A search for the objects – seen by a French satellite – was unsuccessful, echoing the frustration of earlier sweeps that failed to zero in on three objects seen by satellites in recent days.

When the search resumed, Malaysia again sought to placate angry relatives of the flight’s 153 Chinese passengers. But defence minister Hishammuddin Hussein also expressed exasperation, pointedly saying Chinese families “must also understand that we in Malaysia also lost our loved ones” as did “so many other nations”.

The latest satellite images, captured on Sunday and relayed by French-based Airbus Defence and Space, are the first to suggest a debris field from the plane, rather than just isolated objects. The items were spotted in roughly the same area as other objects previously seen by Australian and Chinese satellites.

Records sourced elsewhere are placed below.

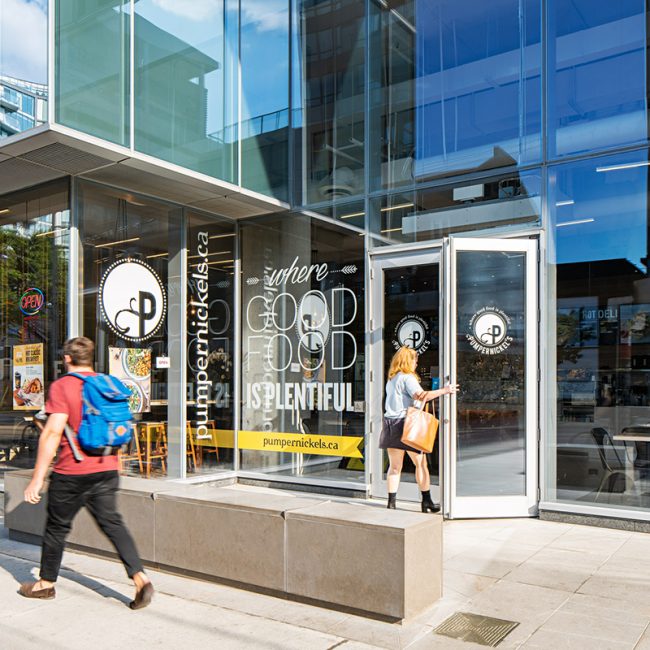 351 King – Retail Slide Image # 7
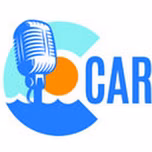 RADIO CARIBE.DO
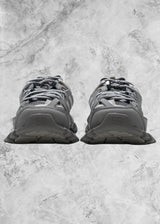 BALNCG Track Grey - Sneaker Collective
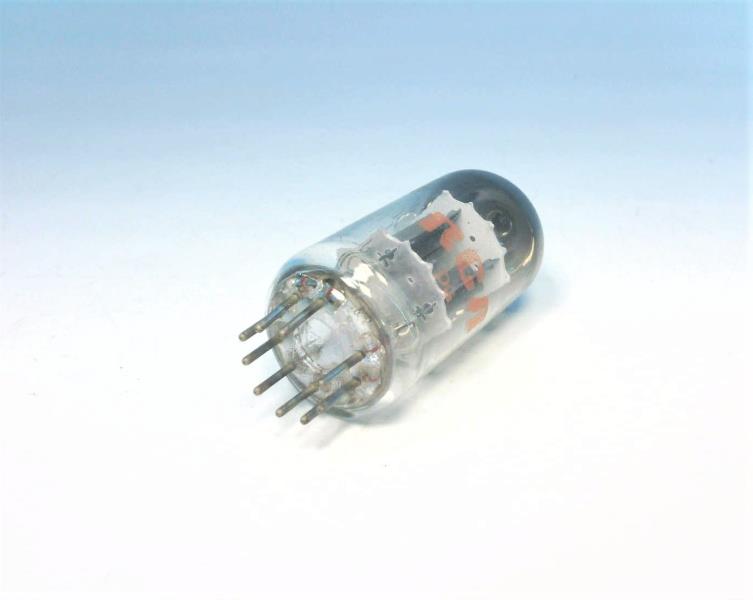 RCA 7025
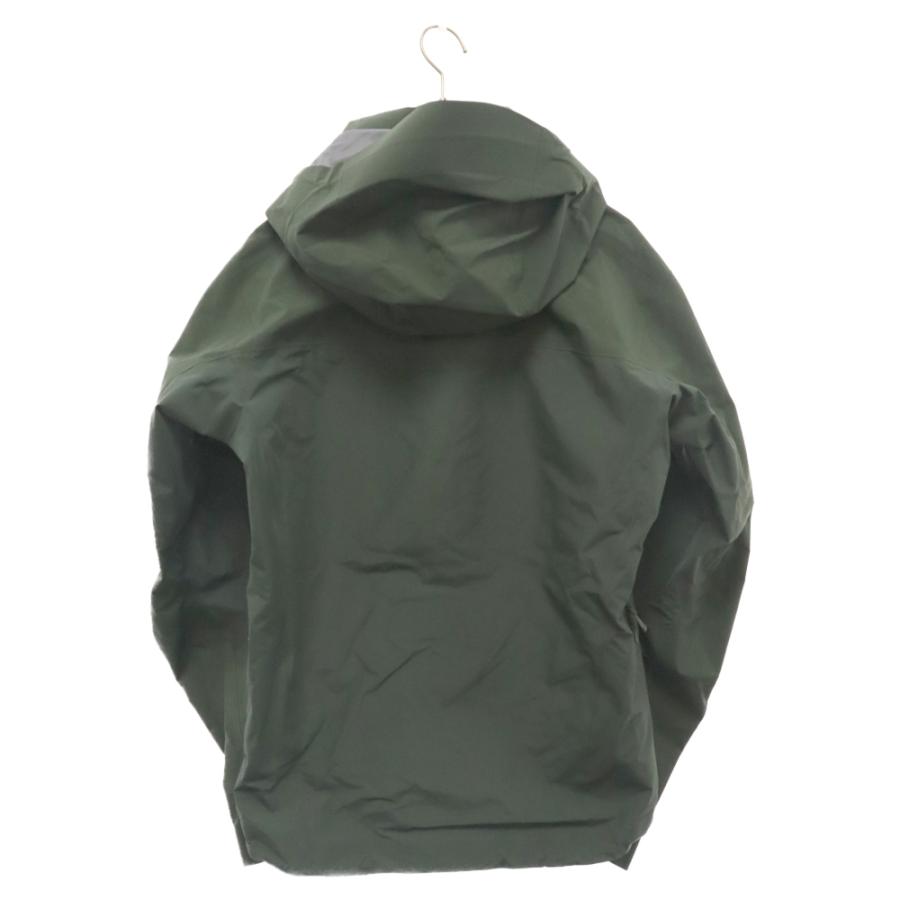 ARC'TERYX（アークテリクス） Beta AR Jacket GORE TEX pro ベータ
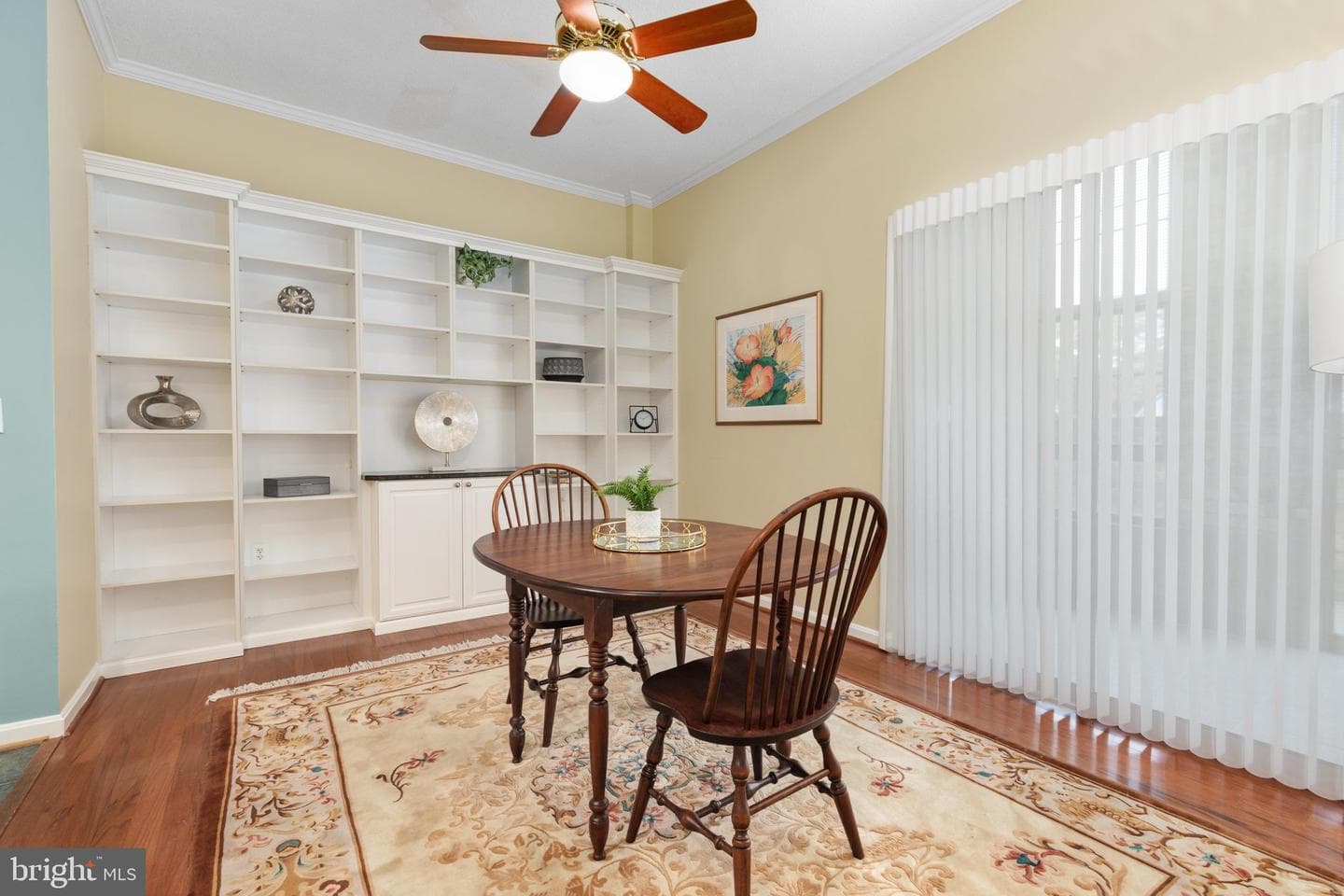 19370 Magnolia Grove Square #l04 photo 9
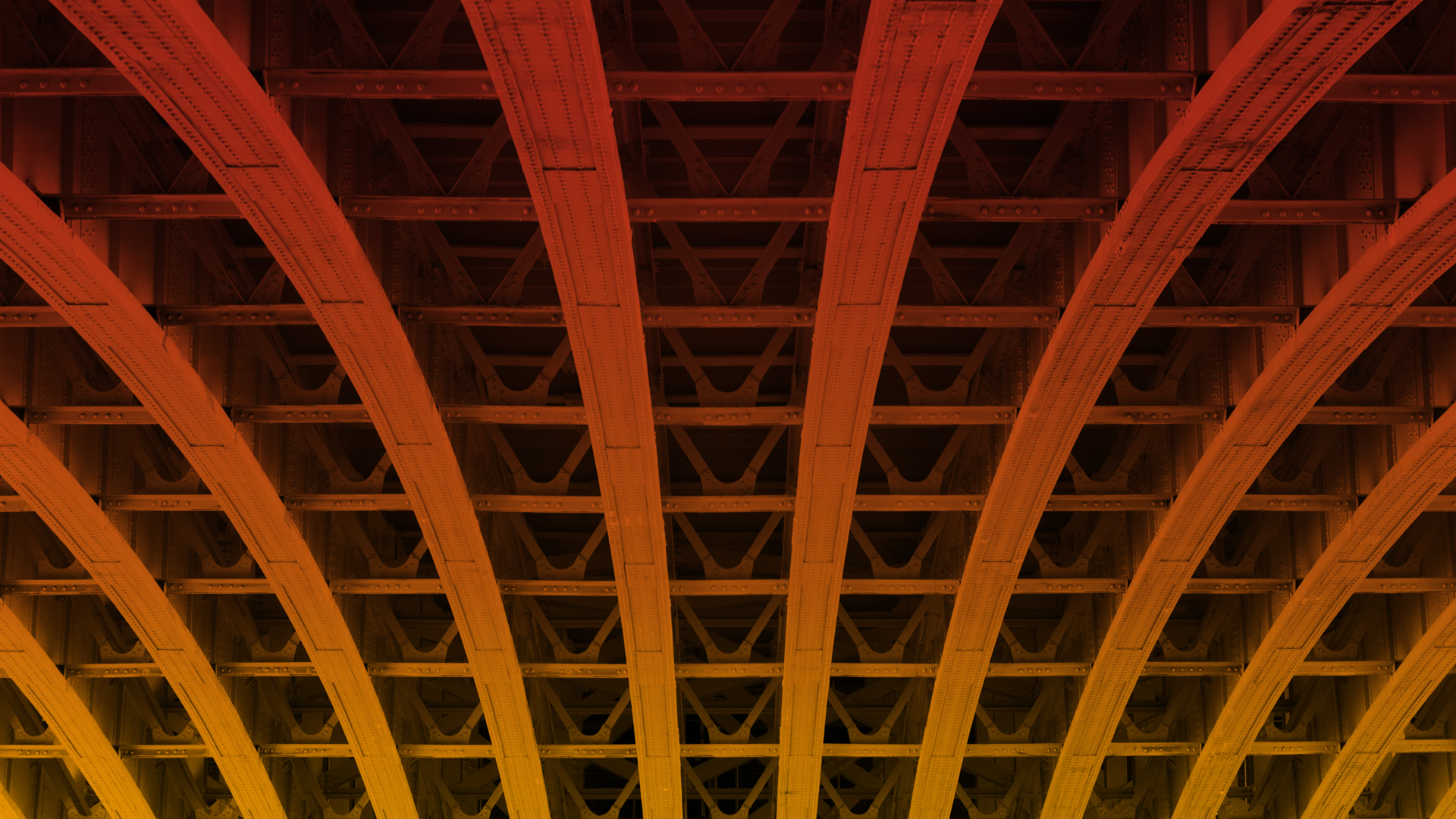 RA_Website_Images_0011_Home_No_Logo.jpg
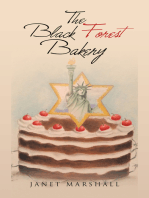 The Black Forest Bakery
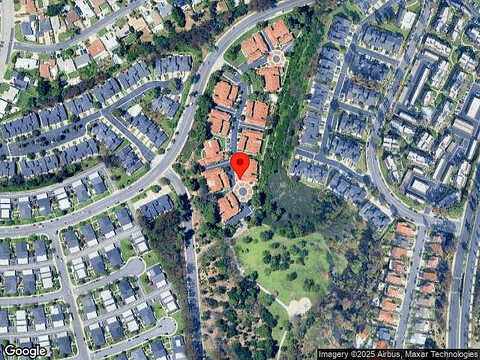 Kauai, WEST COVINA, CA 91792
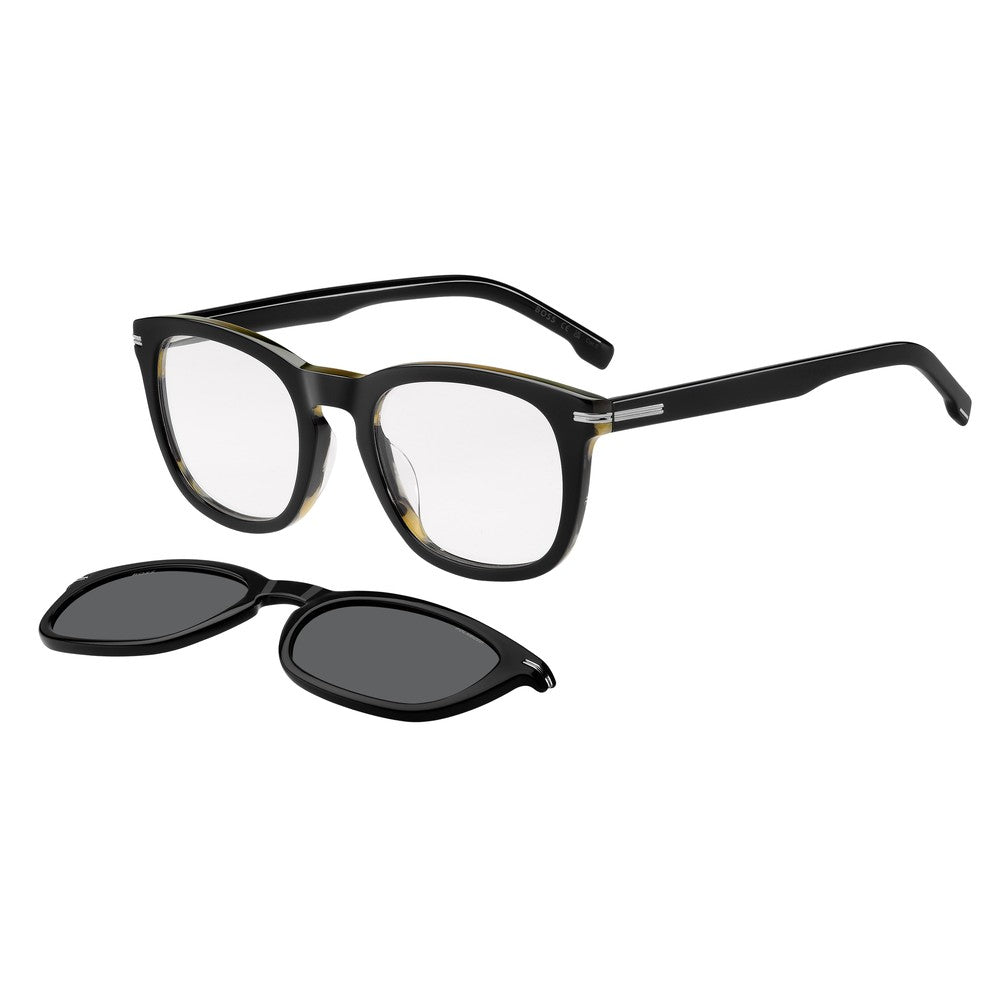 GAFAS DE SOL HUGO BOSS BOSS 1725/G/CS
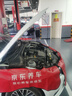 米其林（MICHELIN）汽車(chē)輪胎 205/60R16 92V 耐越 ENERGY MILE 適配?？怂?510/陽(yáng)光 曬單實(shí)拍圖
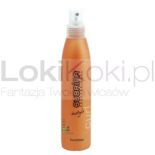 Instyle Curl Twister lotion do loków 150 ml Subrina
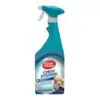 Simple Solution Chew Stopper Bitterspray 500 ml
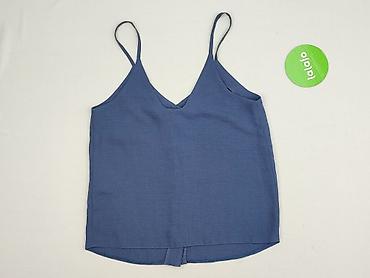 Topy: New Look, Top damski, rozmiar XS — 3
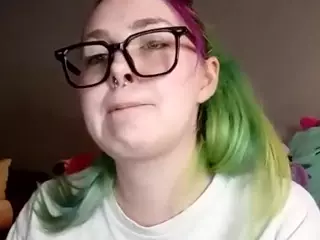 cherribomb1999's Live Sex Cam Show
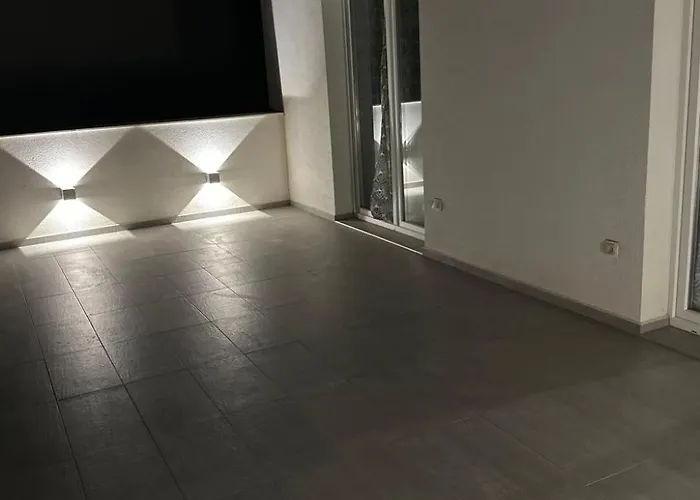 Bella Casa Premium By Interhome * Srima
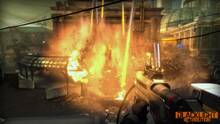 Imagen 22 de Blacklight Retribution PSN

Mr Hishammuddin said some of them “appeared to be bright, possibly indicating solid materials”.

But experts warned that the area’s frequent high seas and bad weather and its distance from land complicated an already-trying search.

“This is a really rough piece of ocean which is going to be a terrific issue,” said Kerry Sieh, director of the Earth Observatory of Singapore. “I worry that people carrying out the rescue mission are going to get into trouble.”

The latest search was split into two areas totalling 30,000 square miles.

Planes and ships from the US, China, Japan, South Korea, Australia and New Zealand are involved in the hunt, hoping to find even a single piece of the jet that could offer tangible evidence of a crash and provide clues to the location of the wreckage.

Malaysia said on Monday that an analysis of the final known satellite signals from the plane showed that it had gone down in the sea with no survivors. That data greatly reduced the search zone to an area estimated at 622,000 square miles, about the size of Alaska.

“We’re throwing everything we have at this search,” Australian prime minister Tony Abbott said. “This is about the most inaccessible spot imaginable. It’s thousands of kilometres from anywhere.”

Malaysia has been criticised over its handling of one of the most perplexing mysteries in aviation history. Much of the most strident criticism has come from relatives of the Chinese passengers, some of whom expressed outrage that Malaysia essentially declared their loved ones dead without recovering a single piece of wreckage.

At a hotel banquet room in Beijing yesterday, a delegation of Malaysian government and airline officials explained what they knew to the relatives and were met with scepticism and even ridicule by some of the 100 people in the audience.

Relatives questioned how investigators could have concluded the direction and speed of the plane and one man later said he wanted to pummel everyone in the Malaysian delegation.

“We still have hope, but it is tiny, tiny,” said Ma Xuemei, whose niece was on the flight. “All the information has been confusing and unreliable.”

China dispatched a special envoy to Kuala Lumpur, vice foreign minister Zhang Yesui, who met prime minister Najib Razak.

Meanwhile, a US-based law firm filed court documents that often precede a lawsuit on behalf of a relative of an Indonesian-born passenger.

The filing in Chicago asked a judge to order Malaysia Airlines and Chicago-based Boeingto turn over documents related to the possibility that “negligence” caused the plane to crash, including any documentation about the chances of “fatal depressurisation” in the cockpit.

Though officials believe they know roughly where the plane is, they do not know why it disappeared shortly after take-off. Investigators have ruled out nothing - including mechanical or electrical failure, hijacking, sabotage, terrorism or issues related to the mental health of the pilots or someone else on board.

Finding the wreckage and the plane’s flight data and cockpit voice recorders is also a major challenge. It took two years to find the black box from Air France Flight 447, which went down in the Atlantic Ocean on a flight from Rio de Janeiro to Paris in 2009, even though searchers knew within days where the crash site was.